On a vu dans la seconde section que le capitaliste, en achetant à l’ouvrier sa force de travail, même à son juste prix, compte lui faire produire plus de valeur qu’elle n’en vaut – une plus-value.

Mais comment cela se passe-t-il exactement ?

« L’homme aux écus a payé la valeur journalière de la force de travail ; son usage pendant le jour, le travail d’une journée entière lui appartient donc. Que l’entretien journalier de cette force ne coûte qu’une demi‑journée de travail, bien qu’elle puisse opérer ou travailler pendant la journée entière, c’est‑à‑dire que la valeur créée par son usage pendant un jour soit le double de sa propre valeur journalière, c’est là une chance particulièrement heureuse pour l’acheteur, mais qui ne lèse en rien le droit du vendeur.

Notre capitaliste a prévu le cas, et c’est ce qui le fait rire. L’ouvrier trouve donc dans l’atelier les moyens de production nécessaires pour une journée de travail non pas de six mais de douze heures. » (Chap 7 II)

« La période d’activité qui dépasse les bornes du travail nécessaire […] forme une plus-value […]. Je nomme cette partie de la journée de travail, temps extra et le travail dépensé en elle surtravail »(chap 9 1).

Combien d’heures dans une journée de travail – combien de “temps extra” ? Voilà donc la question décisive.

Mais avant d’observer au chapitre 10 comment elle s’est résolue historiquement, les chapitres 7 à 9 de cette troisième section détaillent minutieusement comment l’activité productive se combine avec la transformation de la matière première, des matières auxiliaires et avec l’usure des instruments de travail, dans le “procès de travail” d’une part, dans la création de valeur d’autre part.

Car le capitaliste a sa propre façon de présenter la chose. Par exemple, il fait rentrer l’avance des matières premières et des autres moyens de travail, dans le calcul du taux de plus-value (chap 9), ce qui le minimise énormément. Aussi peut-il crier à la ruine dès qu’il est question de limiter la journée de travail. (chap. 9 II, 10 et 11).

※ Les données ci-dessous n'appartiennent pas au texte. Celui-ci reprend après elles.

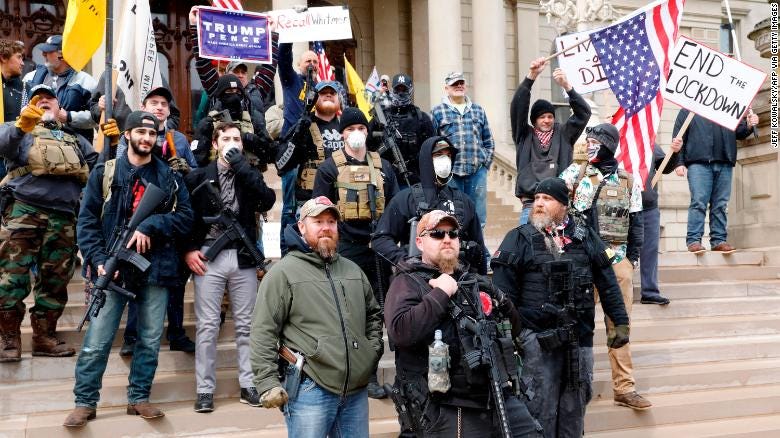 Lansing, Michigan, protesters open carry during protests.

C’est ce qu’il fait, par exemple, face à la loi de 1833, qui, après des années de luttes ouvrières, osait interdire le travail de nuit et réduire à 12h la journée de travail… pour les enfants et adolescents de 13 à 18 ans.

Avant la naissance de la grande industrie, les fabricants avaient rêvé de faire passer la semaine de travail de « l’ouvrier manufacturier » de 4 à 6 jours et de porter, dans des « maisons de terreur » sa journée à 10 h. Mais de 1770 à 1830, devenus capitalistes, ils avaient réussi à élever le temps de travail journalier à… 18 heures, enfants et femmes compris.  (chap 10 V et VI).

« La création d’une journée de travail normale est […] le résultat d’une guerre civile longue, opiniâtre et plus ou moins dissimulée entre la classe capitaliste et la classe ouvrière. » (Chap. 10 VII)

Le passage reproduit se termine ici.